At 1 month, 3 months, and 5 months after plastic stents were inserted, 2 pigs at each time point were injected intramuscularly ketamine (Ketamine®; 50 mg/ml 20 mg/kg), zolazepam (Zoletil®; 6 mg/kg), and xylazine (Rompun®; 2 mg/kg) by a veterinarian on the same day of the procedure for sedation. After sedation, tracheal intubation was performed. Anesthesia was maintained using 2% isoflurane. Electrocardiogram, heart rate, blood pressure, oxygen saturation, and end-tidal CO2 were monitored by the veterinarian. Open laparotomy of all pigs was performed by one very skilled veterinarian. A median incision was made, and the duodenum was removed.

Histopathological examination and evaluation

Pigs were euthanized at 1 month, 3 months, and 5 months after biliary plastic stents were inserted. Histopathological examination was then performed. After the liver, biliary tract, gallbladder, and duodenum were removed from experimental animals, a large amount of KCl (Potassium Chloride) was injected to induce euthanasia. From the extracted liver, biliary tract, gallbladder, duodenum, and AoV were dissected to the proximal end of the plastic stent located in the right and left intrahepatic bile duct. After the dissection, an incision was made in the longitudinal direction to confirm the proximal intrahepatic bile duct and distal biliary duct stenosis.
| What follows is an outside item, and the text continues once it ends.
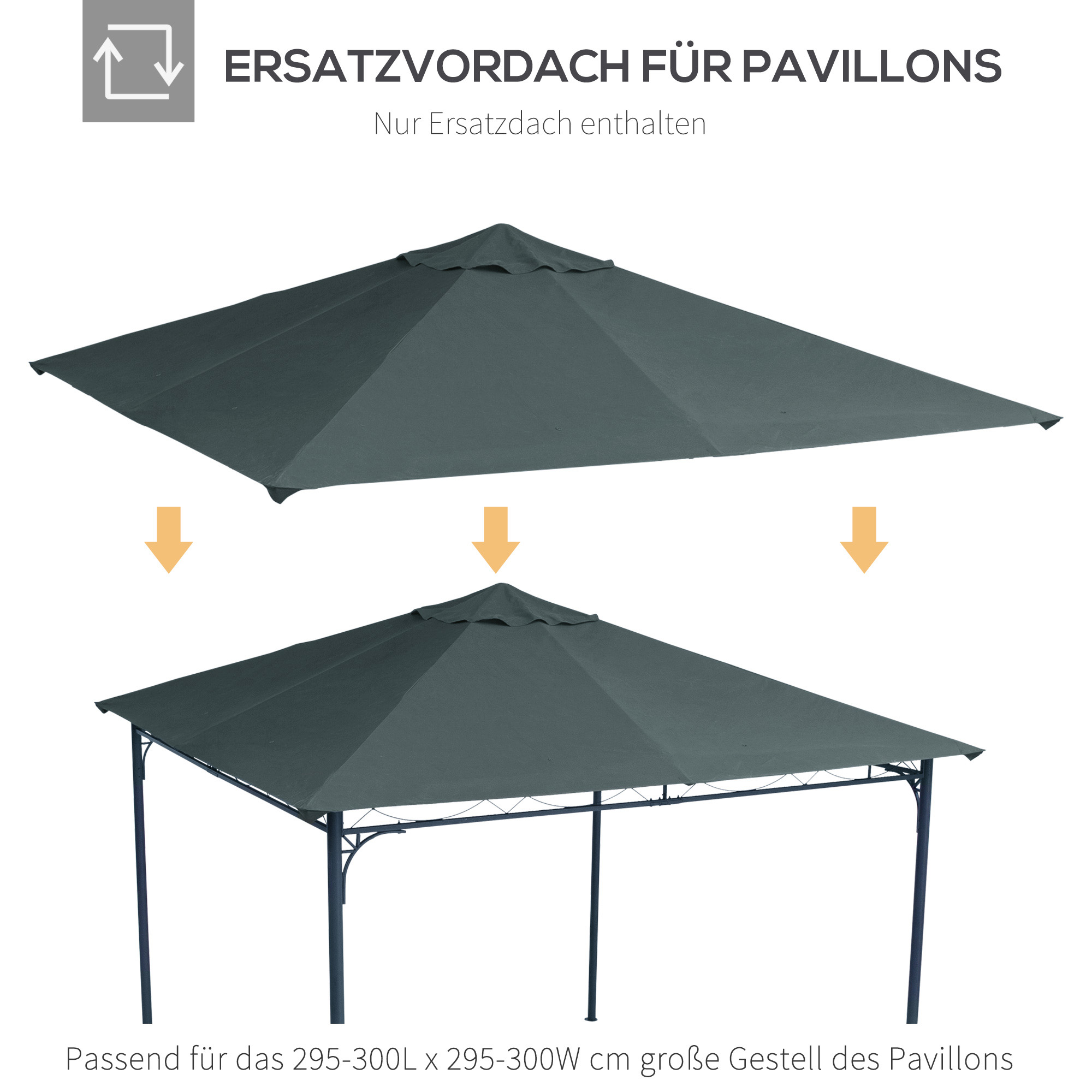Ersatzdach für Gartenpavillon, Polyester, 2,98 x 2,95 m, Dunkelgrau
The bile duct tissue was incised from the intrahepatic bile duct into which different plastic stents had been inserted and cut into sections, followed by H&E staining and Masson Trichrome staining. Histopathological examination was performed to reinforce the histological scoring method of previous studies. Scoring was performed in a blinded method using H&E-stained tissue sections. All sections were classified according to the extent of inflammation (1) (1, minimal; 2, confined to mucosa; and 3, extended to muscle with neutrophil infiltration). The severity of neutrophil infiltration was scored (2) as 0 for Absent, 1 for Mild, 2 for Moderate, and 3 for Severe. The presence of mucosal ulceration (3) was scored as 0 for Absent, 2 for Local, and 4 for Diffuse (Supplementary Table 1)13,14,15. Based on the histological scoring system shown in Supplementary Table 1, the histological score was calculated by a veterinarian pathologist in the animal laboratory of Samsung Life Sciences Research Institute.

Statistical analysis

All experiments were performed or measured three or more times to compare the histopathology score. IBM SPSS version 24.0 (IBM Corp., Armonk, NY, USA) was used for all statistical analyses.